§ Exercise description
Your task is to repeat exactly the lines below between the line holding "REIGN CHAMP GREY*" and the line holding "bride and groom in front of tidewater inn", inclusive, and only those.

(Brief descriptive captions)
== Segment start ==

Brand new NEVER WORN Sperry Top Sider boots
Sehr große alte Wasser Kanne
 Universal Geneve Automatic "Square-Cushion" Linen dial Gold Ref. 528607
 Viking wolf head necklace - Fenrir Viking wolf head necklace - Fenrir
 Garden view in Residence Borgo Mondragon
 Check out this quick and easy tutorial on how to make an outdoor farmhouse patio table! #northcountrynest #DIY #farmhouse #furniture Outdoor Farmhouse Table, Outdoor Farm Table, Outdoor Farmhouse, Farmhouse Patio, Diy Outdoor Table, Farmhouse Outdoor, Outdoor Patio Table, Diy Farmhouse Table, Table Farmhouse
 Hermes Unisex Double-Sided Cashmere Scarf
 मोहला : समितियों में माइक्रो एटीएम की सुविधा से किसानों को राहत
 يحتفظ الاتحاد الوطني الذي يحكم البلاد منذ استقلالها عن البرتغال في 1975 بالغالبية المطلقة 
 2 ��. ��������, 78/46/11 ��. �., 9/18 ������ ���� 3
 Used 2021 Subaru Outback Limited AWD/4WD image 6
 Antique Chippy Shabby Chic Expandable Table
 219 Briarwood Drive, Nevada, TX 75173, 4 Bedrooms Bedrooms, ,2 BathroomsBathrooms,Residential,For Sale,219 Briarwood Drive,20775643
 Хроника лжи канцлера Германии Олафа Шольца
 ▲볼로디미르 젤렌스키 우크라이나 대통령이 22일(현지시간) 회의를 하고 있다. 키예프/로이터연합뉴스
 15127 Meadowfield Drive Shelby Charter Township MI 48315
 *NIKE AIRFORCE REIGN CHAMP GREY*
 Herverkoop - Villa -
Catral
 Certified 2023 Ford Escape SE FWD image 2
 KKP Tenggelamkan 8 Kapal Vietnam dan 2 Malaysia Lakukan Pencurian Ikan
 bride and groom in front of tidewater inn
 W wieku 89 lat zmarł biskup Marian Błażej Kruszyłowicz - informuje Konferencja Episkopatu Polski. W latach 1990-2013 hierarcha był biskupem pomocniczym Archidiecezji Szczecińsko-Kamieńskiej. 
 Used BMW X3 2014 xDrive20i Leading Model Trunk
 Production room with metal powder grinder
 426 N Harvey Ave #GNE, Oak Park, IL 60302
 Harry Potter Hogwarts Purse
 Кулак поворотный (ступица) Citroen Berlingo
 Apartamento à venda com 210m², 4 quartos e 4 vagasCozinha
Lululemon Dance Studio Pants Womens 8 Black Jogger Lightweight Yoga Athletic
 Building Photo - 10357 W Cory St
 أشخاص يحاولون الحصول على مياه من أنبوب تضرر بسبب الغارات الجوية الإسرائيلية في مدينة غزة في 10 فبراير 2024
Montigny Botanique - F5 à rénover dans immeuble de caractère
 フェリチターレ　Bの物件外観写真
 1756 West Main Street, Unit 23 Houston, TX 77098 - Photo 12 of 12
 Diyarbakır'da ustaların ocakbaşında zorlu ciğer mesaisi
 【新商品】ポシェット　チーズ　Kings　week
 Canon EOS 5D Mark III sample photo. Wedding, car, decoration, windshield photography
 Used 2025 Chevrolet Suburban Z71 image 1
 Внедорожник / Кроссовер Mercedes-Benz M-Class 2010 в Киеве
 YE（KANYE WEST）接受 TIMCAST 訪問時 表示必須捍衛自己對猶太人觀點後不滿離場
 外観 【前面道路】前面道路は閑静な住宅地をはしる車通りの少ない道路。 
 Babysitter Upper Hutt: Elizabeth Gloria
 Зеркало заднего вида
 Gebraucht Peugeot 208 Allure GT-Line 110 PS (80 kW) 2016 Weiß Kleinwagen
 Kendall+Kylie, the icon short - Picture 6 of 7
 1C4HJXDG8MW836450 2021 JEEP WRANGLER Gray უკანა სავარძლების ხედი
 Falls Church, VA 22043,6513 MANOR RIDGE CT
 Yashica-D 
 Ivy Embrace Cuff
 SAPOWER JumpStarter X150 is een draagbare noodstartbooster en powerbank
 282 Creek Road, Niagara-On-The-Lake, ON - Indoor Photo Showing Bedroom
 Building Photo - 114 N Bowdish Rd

== Segment end ==

§ Completed exercise
 *NIKE AIRFORCE REIGN CHAMP GREY*
 Herverkoop - Villa -
Catral
 Certified 2023 Ford Escape SE FWD image 2
 KKP Tenggelamkan 8 Kapal Vietnam dan 2 Malaysia Lakukan Pencurian Ikan
 bride and groom in front of tidewater inn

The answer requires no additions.